Hi there, I know this is a newb question but when I preheat my cast iron skillet to get super-hot for searing, the pan will inevitably smoke as the seasoning begins to burn (or if it's not the "seasoning" per se, it's whatever residual oil is on the pan). This is normal right? I'm always wondering if I should be throwing my steaks on as soon as I see smoke, or if this is just part and parcel of cooking with cast iron.


  1. Click to Upload a photo (10 MB limit)
  1. I don't consider it normal. The seasoning on my cast iron skillet is smooth, dry, and hard. It doesn't smoke when I heat it up. It sounds to me like you have oil residue in your pan which has not been turned into a proper seasoning.

    13 Replies
    1. re: GH1618

      OK so this is where I get confused. Pretty much everything I read says that when you're done using your pan, you clean it out, dry it well (in a hot oven or over the stove) and then wipe a thin layer of oil in the pan for storage. Sometimes you also see recommendations to wipe a thin layer of oil in the pan before you use it. Wouldn't this oil smoke next time you use the pan?

      Or another example. Forget about wiping a thin layer of oil before or after cooking...what about just residual oil from your previous meal? Let's say I make bacon, pour out the oil when I'm done, and clean up the rest with a paper towel. Obviously since I'm not using soap and water, there will still be a thin layer of bacon grease left in the pan, and I assume that would smoke up next time I heat the pan.

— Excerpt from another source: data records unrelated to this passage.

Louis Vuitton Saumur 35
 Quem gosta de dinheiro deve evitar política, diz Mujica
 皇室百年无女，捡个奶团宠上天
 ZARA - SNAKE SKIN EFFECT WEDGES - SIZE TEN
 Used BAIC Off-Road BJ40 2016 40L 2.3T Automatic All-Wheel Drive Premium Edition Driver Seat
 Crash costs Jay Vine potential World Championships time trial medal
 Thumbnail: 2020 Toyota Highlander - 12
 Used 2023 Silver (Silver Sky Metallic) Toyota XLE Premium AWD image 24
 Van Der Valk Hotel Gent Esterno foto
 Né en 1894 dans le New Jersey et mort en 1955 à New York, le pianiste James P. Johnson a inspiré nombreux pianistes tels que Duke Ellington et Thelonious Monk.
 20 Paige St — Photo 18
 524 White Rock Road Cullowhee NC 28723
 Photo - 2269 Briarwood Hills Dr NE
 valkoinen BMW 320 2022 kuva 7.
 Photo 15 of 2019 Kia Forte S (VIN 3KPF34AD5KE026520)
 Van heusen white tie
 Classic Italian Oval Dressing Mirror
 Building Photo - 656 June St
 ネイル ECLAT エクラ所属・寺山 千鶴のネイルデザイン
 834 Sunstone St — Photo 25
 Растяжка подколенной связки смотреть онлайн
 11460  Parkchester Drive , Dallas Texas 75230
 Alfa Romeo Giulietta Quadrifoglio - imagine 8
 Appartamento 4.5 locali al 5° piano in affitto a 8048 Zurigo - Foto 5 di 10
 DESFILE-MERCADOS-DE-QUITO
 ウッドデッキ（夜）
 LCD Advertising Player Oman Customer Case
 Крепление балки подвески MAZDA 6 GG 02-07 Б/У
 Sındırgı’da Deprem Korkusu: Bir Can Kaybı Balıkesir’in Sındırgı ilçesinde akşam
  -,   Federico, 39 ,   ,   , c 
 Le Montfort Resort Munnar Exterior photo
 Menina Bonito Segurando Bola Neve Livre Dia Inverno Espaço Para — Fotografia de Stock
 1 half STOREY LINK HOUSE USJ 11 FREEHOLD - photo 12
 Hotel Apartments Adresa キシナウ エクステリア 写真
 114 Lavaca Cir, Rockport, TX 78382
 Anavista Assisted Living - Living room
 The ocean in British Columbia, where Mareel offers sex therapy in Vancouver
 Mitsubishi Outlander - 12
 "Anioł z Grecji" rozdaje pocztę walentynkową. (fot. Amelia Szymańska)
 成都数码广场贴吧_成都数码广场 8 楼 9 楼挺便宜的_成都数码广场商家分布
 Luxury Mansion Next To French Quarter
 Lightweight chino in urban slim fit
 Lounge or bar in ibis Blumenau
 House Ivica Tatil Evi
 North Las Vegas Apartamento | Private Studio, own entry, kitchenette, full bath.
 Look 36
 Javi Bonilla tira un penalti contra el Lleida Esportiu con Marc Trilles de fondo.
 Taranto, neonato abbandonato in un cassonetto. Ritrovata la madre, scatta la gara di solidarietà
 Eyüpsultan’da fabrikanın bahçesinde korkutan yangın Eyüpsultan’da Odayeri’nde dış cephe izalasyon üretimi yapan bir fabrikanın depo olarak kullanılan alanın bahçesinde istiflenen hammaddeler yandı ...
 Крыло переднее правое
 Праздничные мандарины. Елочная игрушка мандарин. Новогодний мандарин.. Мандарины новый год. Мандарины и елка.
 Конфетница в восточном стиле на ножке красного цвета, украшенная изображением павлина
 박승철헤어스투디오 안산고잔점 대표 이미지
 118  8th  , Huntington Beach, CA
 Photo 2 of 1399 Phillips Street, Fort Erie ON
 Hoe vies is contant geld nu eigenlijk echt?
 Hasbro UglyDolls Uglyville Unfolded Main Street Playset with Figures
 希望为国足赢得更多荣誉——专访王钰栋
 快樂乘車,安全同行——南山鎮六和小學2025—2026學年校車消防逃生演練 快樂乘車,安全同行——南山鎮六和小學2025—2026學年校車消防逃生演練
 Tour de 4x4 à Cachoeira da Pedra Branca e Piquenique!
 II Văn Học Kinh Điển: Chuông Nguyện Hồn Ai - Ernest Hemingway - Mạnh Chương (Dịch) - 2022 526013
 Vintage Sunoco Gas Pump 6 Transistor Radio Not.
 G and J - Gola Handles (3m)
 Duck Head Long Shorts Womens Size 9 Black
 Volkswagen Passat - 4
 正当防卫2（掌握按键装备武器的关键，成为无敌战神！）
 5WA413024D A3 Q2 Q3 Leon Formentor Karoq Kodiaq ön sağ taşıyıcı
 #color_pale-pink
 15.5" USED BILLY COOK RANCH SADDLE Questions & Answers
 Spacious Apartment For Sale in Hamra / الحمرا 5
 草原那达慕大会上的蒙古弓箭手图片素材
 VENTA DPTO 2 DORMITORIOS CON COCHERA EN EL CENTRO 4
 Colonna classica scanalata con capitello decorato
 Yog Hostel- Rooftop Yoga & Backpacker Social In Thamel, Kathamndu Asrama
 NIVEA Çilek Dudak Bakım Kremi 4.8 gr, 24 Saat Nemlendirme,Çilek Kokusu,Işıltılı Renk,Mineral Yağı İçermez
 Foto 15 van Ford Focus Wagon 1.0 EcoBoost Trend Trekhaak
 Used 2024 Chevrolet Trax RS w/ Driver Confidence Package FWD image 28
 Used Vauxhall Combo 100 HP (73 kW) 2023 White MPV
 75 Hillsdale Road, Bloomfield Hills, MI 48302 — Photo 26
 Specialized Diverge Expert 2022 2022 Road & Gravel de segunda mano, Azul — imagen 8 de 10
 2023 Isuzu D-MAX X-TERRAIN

      Does this make sense?

      1. re: TBusidan

        Perfect sense IMHO.....You will find that any topic relating to cast iron is a hotly debated and contentious thing but like you I too coat my many cast iron pans and wok with a very thin coating of neutral oil which inevitably smokes when brought up to heat...thus "smoking hot"?
        I wouldn't worry unless the oil was too thickly applied or not buffed in so as to become rancid and mar the flavor of your preparation... trust your nose and common sense.

        1. re: TBusidan

          There is a lot of conflicting information out there on how to maintain cast iron, and there are many threads on the subject here. I don't want to get into an extended debate, since I have written on the subject already, so will merely summarize what I do:

          1. The initial seasoning, or restoration of seasoning, is done with shortening (Crisco), not oil, and baked on.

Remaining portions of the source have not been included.